> _What to work on_: From the data that follows, set down exactly the lines from the one with "A teacher happily teaching in a classroom." through the one with "May include: A", counting both. Pictures stay out.

-------- The input --------

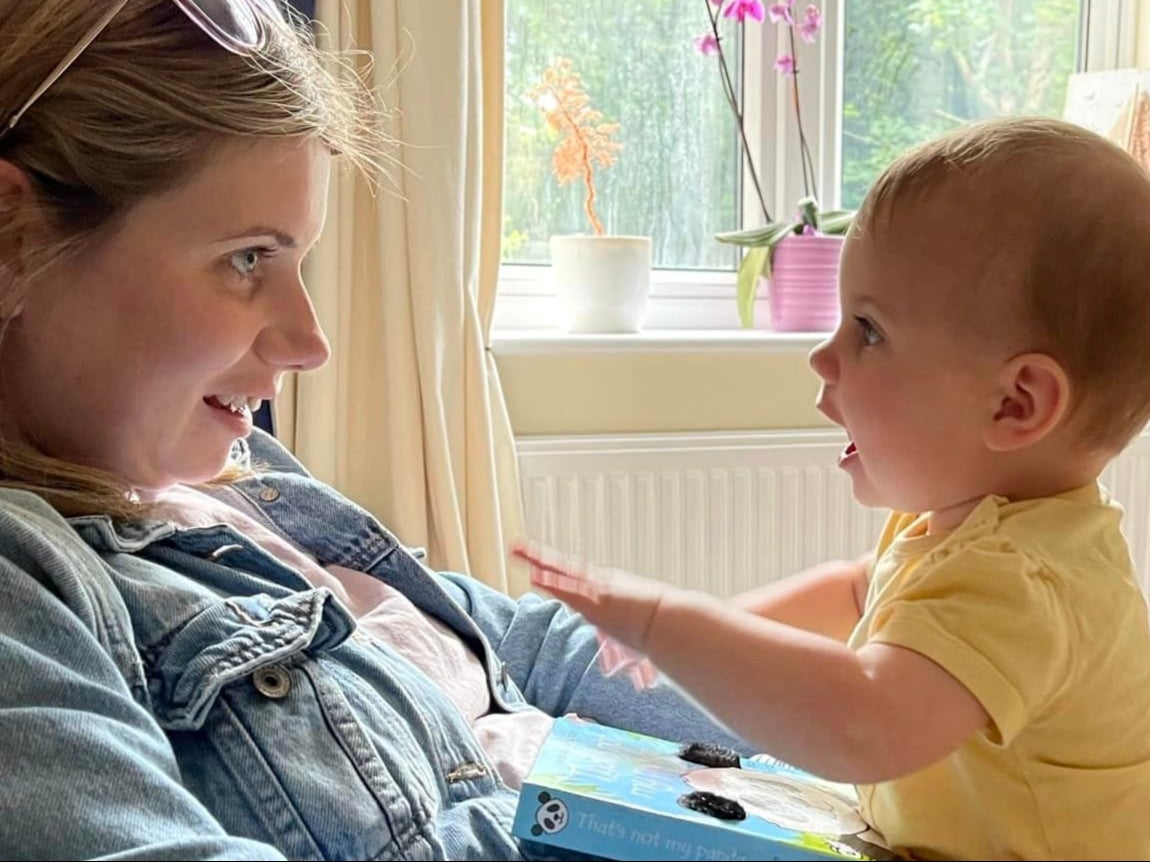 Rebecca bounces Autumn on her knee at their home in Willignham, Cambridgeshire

--------
-------- The input --------

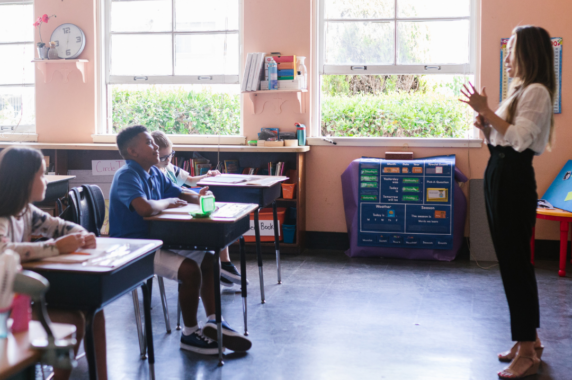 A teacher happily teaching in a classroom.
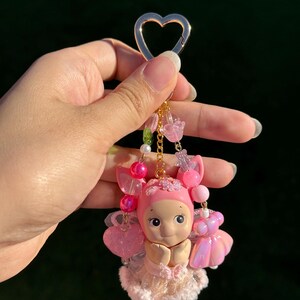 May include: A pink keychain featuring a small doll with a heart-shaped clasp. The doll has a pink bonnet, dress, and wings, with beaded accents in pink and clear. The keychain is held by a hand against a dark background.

--------

> _Completed task_:
 A teacher happily teaching in a classroom.
 May include: A pink keychain featuring a small doll with a heart-shaped clasp. The doll has a pink bonnet, dress, and wings, with beaded accents in pink and clear. The keychain is held by a hand against a dark background.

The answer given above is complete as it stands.